We are living during challenging times and resilience is critical during times like these. How would you define resilience? What do you believe are the characteristics or traits of resilient people?

Andrea Ahern: Resilience is getting knocked down again and again but getting up anyway. You may fail a thousand times in a row, but all that matters is that you get up and succeed on the next attempt.

Resilient people come in all shapes and forms. I think resilient people are disciplined and optimistic. They don’t give up and they don’t lose sight of the opportunity that gave them the idea in the first place.

Did you have any experiences growing up that have contributed to building your resiliency? Would you mind sharing a story?

Andrea Ahern: I had some struggles growing up, but what I think really built my resiliency is my husband’s battle with cancer. Witnessing that, supporting him, trying to run the fence company, and providing for my family, built me up. I had no choice but to forge ahead — my kids were relying on me.

Once I did that, I felt like I could take on any obstacle. I use those experiences to drive me even today.

In your opinion, do you tend to keep a positive attitude during difficult situations? What helps you to do so?

Andrea Ahern: My business partner and fiancé, Paul, is the key to my positivity during difficult situations. He has an uncanny ability to find the bright spot even in the darkest times. I tend to be more on the anxious side. We work great as a team, together we find a great balance between over-optimism and unproductive anxiety.

Can you help articulate why a leader’s positive attitude can have a positive impact both on their clients and their team? Please share a story or example if you can.

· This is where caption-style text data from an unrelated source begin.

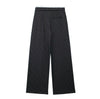 Women Solid Lace Up Side Zipper Straight Pants Vintage High Elastic Waist Female Chic Lady Trousers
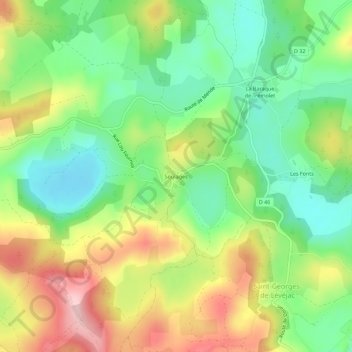 Carte topographique Soulages, altitude, relief
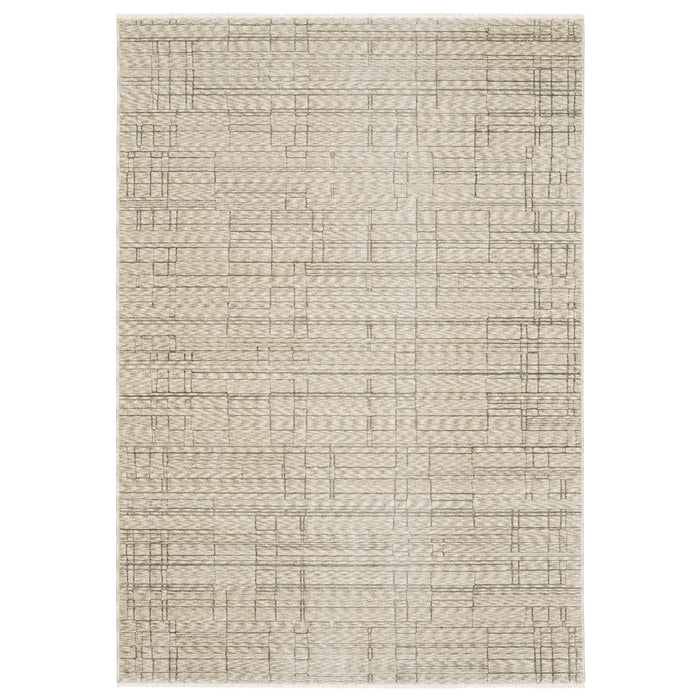 7' X 10' Geometric Area Rug With Fringe - Beige And Brown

Andrea Ahern: A leader exhibiting positivity is inspiring and contagious. Maintaining a good attitude in response to adversity will build followership and foster a great team atmosphere. Nobody wants to work with, or for, someone that only brings negativity to the table.

Starting the day with a smile and bringing a positive outlook to problems (How are we going to make this better?) is key to building a resilient team.

Ok. Super. We are nearly done. What is your favorite inspirational quote that motivates you to pursue greatness? Can you share a story about how it was relevant to you in your own life?

Andrea Ahern: One of my favorite quotes is:

“Don’t cry about money, it never cries for you.” — Kevin O’Leary

I’m a huge Shark Tank fan and this quote really resonates with me. It reminds me to minimize my emotions in business. My passion can be a huge asset, but I try not to let emotions get in front of key decisions. If you’re losing money on something, don’t cry, take action!

How can our readers further follow you online?

Andrea Ahern: I’m not much of a personal social media person — but I manage our company’s pages, so feel free to follow me there:

LinkedIn: mid-florida-material-handling

Facebook: WarehouseMaterialHandling

Instagram: midfloridamaterialhandling

This was very inspiring. Thank you so much for the time you spent with
this. We wish you continued success and good health!